It never gets truly dark at night because of an effect called airglow. Airglow is similar in color to the aurora, but you don’t have to visit a polar region to see it. While the aurora is light released by the interaction between magnetosphere and the solar wind, airglow is a form of chemiluminescence. Even without light pollution, the best terrestrial telescope peers at space through a thin veil of light because the atmosphere glows in the dark!
•Airglow or nightglow is a type of chemiluminescence that makes the atmosphere glow.
•Light is produced when atoms and molecules in air absorb radiation and release photons.
•The most common color of airglow is green, but red and blue also occur.
Swedish physicist Anders Ångström first described airglow in 1868. Laboratory experiments verified chemical reactions between gases in air release light. The energy for the reactions comes from cosmic rays and photoionization of gases during daytime. While airglow is sometimes called nightglow, it’s present on both the day and night sides of the planet. In fact, the glow is about a thousand times brighter when the Sun is shining on the atmosphere. Because the glow at night is dim, it’s best viewed in an area free of light pollution.
Airglow Color and Causes
The most common airglow colors are green, red, and blue. However, other colors also occur. The colors are characteristic of photochemical reactions occurring at different levels of the atmosphere. Most of the effect comes from oxygen in air.

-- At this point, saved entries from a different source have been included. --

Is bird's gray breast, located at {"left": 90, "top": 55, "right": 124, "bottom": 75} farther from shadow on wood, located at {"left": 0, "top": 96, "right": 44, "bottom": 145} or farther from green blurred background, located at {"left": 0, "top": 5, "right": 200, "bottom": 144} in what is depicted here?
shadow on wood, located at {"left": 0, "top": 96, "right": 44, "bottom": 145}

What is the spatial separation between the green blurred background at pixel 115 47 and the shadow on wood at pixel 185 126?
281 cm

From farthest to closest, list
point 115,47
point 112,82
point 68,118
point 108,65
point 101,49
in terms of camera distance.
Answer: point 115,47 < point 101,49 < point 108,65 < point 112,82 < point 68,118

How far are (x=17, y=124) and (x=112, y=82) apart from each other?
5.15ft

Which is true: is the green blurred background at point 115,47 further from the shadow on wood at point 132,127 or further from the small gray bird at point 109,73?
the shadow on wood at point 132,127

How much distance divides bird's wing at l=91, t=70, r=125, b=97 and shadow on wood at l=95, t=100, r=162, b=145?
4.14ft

Green light (wavelength 558 nm) is the brightest airglow. It comes from excited oxygen atoms located between 90 to 100 km (56 to 62 miles) high. This band of green is readily observable from spacecraft looking back toward earth.

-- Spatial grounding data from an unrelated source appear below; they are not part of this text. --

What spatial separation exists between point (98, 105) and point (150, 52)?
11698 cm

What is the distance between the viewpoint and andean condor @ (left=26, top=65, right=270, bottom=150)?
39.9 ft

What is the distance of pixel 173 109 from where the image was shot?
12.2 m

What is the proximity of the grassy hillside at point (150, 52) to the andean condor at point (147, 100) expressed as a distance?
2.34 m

Blue airglow comes from excited molecular oxygen (O2) around 95 km high. The blue band is weaker than the green one, but it also observable from space.

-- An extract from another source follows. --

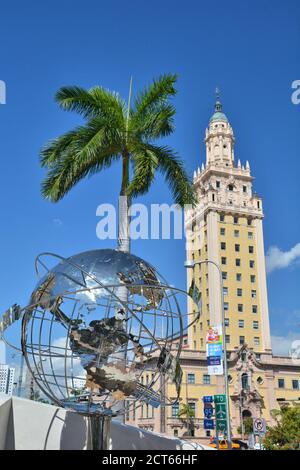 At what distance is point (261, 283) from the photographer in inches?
2997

Red airglow comes from atomic oxygen (O) excitation at 150 to 300 km.
Sodium atoms release yellow light in an atmospheric layer found at 92 km.
OH radicals found in a layer around 86 to 87 km high emit red and infrared light.
While the intensity of airglow mainly depends on whether it’s day or night, it also varies according to the 11-year solar cycle. Airglow is brighter near the solar maximum.
How to See Airglow
If you live in an area with a dark night sky, you may be able to see airglow after you give your eyes time to adjust to the darkness. Blue often appears as a faint blue wash to the night sky. Red appears as a faint glow that resembles the light dome over a city. Green appears like a faint glow from an aurora, but if you see it at the lower latitudes, it’s probably airglow.
Across most of the world (except within a bright city) you can photograph nighttime airglow. To see it, use a camera set to a long exposure (20 to 30 seconds) and the widest possible aperture. While success is practically guaranteed using a good digital camera with a fast lens, airglow may also be observed using a smart phone or GoPro set to night mode.
Airglow viewed from the Earth’s surface often has a rippled appearance or forms rays. This is due to gravity waves in the atmosphere. The effect is particularly easy to spot in a long exposure photograph.
Airglow From the International Space Station
The International Space Station (ISS) has an ongoing view of aurora and airglow. The airglow appears as the green limb along the arc of the Earth’s curve and sometimes as a blue glow closer to the surface.
Airglow on Other Planets
Earth isn’t the only world with airglow. The Venus Express spacecraft detected near-IR light from the upper atmosphere of Venus. The light comes from the interaction between radiation and molecular oxygen and nitric oxide (NO). Ultraviolet emissions were also detected.
NASA’s Mars Atmosphere and Volatile Evolution (MAVEN) probe photographed nightglow on Mars. The glow is in the ultraviolet region of the spectrum and caused by nitric oxide emission.